One of the poems that really had this effect on me was "Pitcher". The images are so clear, I can almost feel the water splashing over me, soaking my shirt, the pitcher clanging on the ground as it bounces away.

I believe that all the dots give us time to process what Minnis is writing. And the dots as opposed to the spaces feels like she is telling us, 'no, this is not a moment just to breathe, this is a moment to really consider the image I am painting for you'. For example, in "Tiger", pg. 45: After "beautiful, unbroken vase" she gives us time to really see that vase, feel the clay curves ourselves, before moving on to the next thing. A few lines down, after another longer string of dots, she says "expansiveness", like a comment on what just happened in the poem. On the other hand, she uses less dots between words on the previous page when she says, "how I want to replicate...... them or re-create their arcs........ or put them in a spotlight...... against a black backdrop" because they are images that really fit together and need to be considered more closely as parts of one idea.

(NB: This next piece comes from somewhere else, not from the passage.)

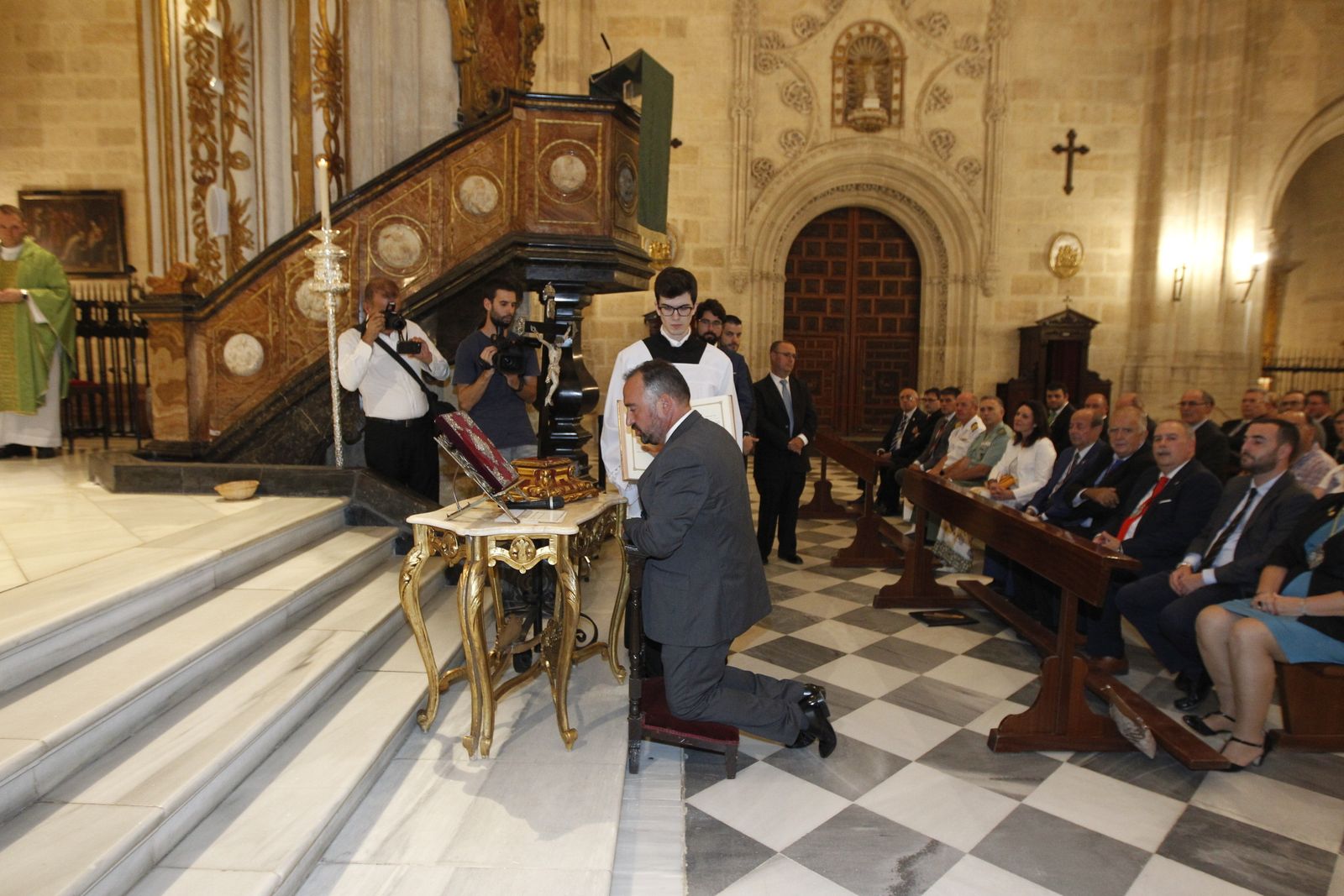 Fotogalería toma posesión nuevo Presidente Agrupación Cofradías Almería-Isaac Vilches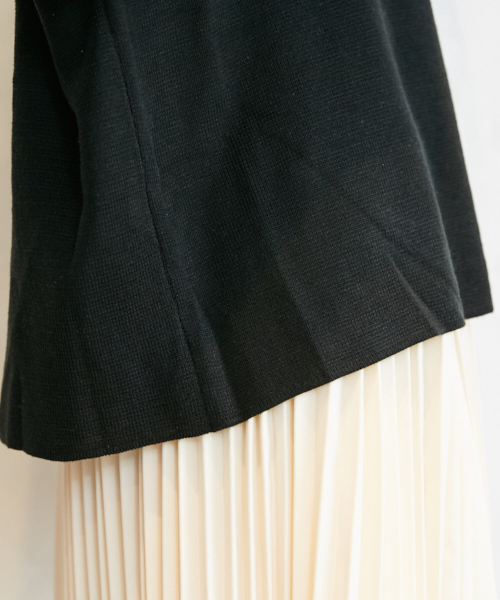 PairPair(ペアペア)の「袖ボリュームニットポロシャツ(ポロシャツ・レディース・ライトグレー/ブラック/ラベンダー・FREE)」の10枚目の写真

Another tool that stood out to me in Minnis's work was the use of color, particularly red. It reminded me of Greenfield's tree-tool. The set of poems in Zirconia made me think of modern paintings such as this one: http://bw-inc.deviantart.com/art/BLACK-WHITE-RED-12895843
The picture is mainly black and white, but there is some red, and the red that is there really pops out at you. Minnis has repeated references to blood and redness in general. One of the poems in the book is even called "Maroon" and another is "Cherry". I would like to explore this motif further. Red is known to be the first color the eye picks up on in a scene and is a color associated with drama and shocking things in general. I wonder if this is why Minnis uses the color so much or if it is because of some childhood trauma associated with blood that she has had to deal with.